What to work on: Pictures excluded, copy all of the data below exactly.

===== Recorded information =====

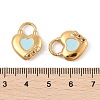 304 Stainless Steel Enamel Pendants STAS-P380-07G-01-3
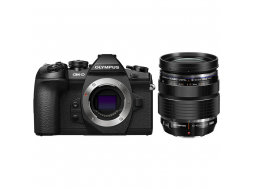 Olympus OM-D E-M1 Mark II Mirrorless Micro Four Thirds Camera with 12-40mm f2.8 Lens Kit (Black) 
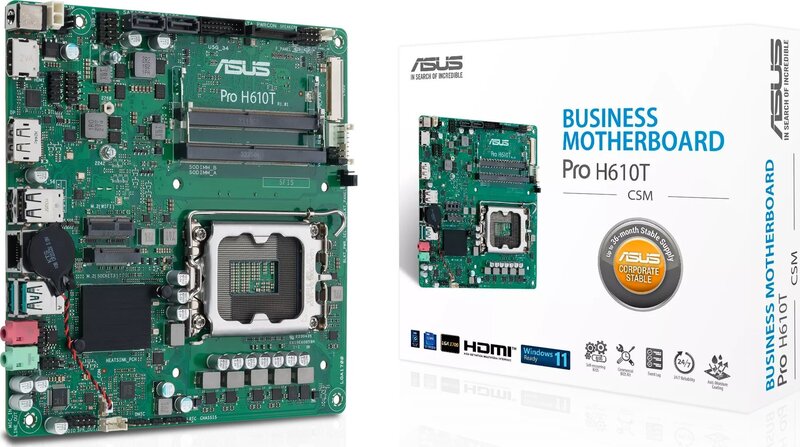 1700 ASUS PRO H610T-CSM mITX – kuva 8/8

=====

Answer box:
 304 Stainless Steel Enamel Pendants STAS-P380-07G-01-3
 Olympus OM-D E-M1 Mark II Mirrorless Micro Four Thirds Camera with 12-40mm f2.8 Lens Kit (Black) 
 1700 ASUS PRO H610T-CSM mITX – kuva 8/8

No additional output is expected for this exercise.